• [Requirement]: In full and word for word, copy the listing; no pictures belong in the copy.

Top of Collected material

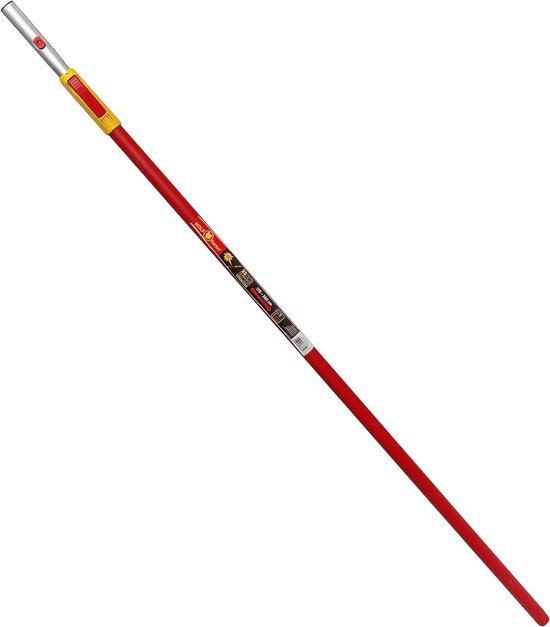 Rode steel van 220-300 cm met gele en zilveren koppeling. Tekst: Multi-Star VarioSteel.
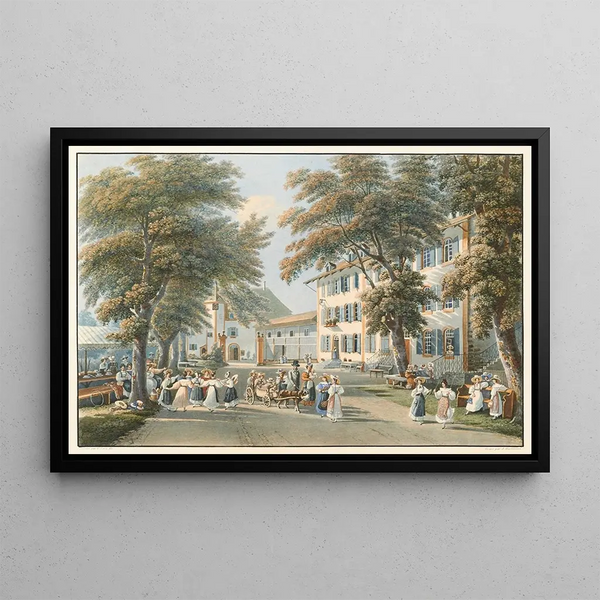 Interno dell'edificio di Montmirail - Gabriel Lory il Giovane — quadro incorniciato alla parete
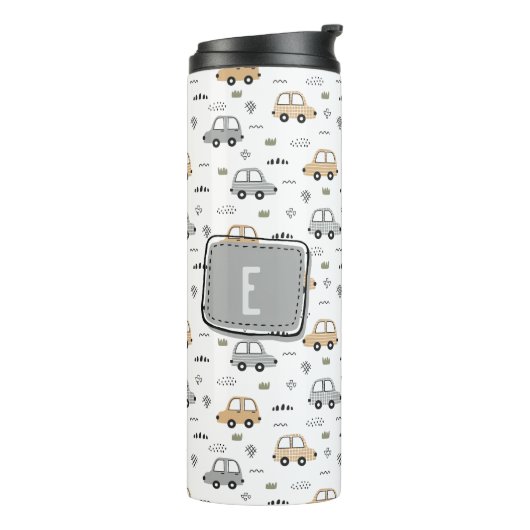 Mooie Cartoon Auto's Persoonlijk Monogram Thermosbeker (Gedraaid links)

Bottom of Collected material

• [Expected output]:
 Rode steel van 220-300 cm met gele en zilveren koppeling. Tekst: Multi-Star VarioSteel.
 Interno dell'edificio di Montmirail - Gabriel Lory il Giovane — quadro incorniciato alla parete
 Mooie Cartoon Auto's Persoonlijk Monogram Thermosbeker (Gedraaid links)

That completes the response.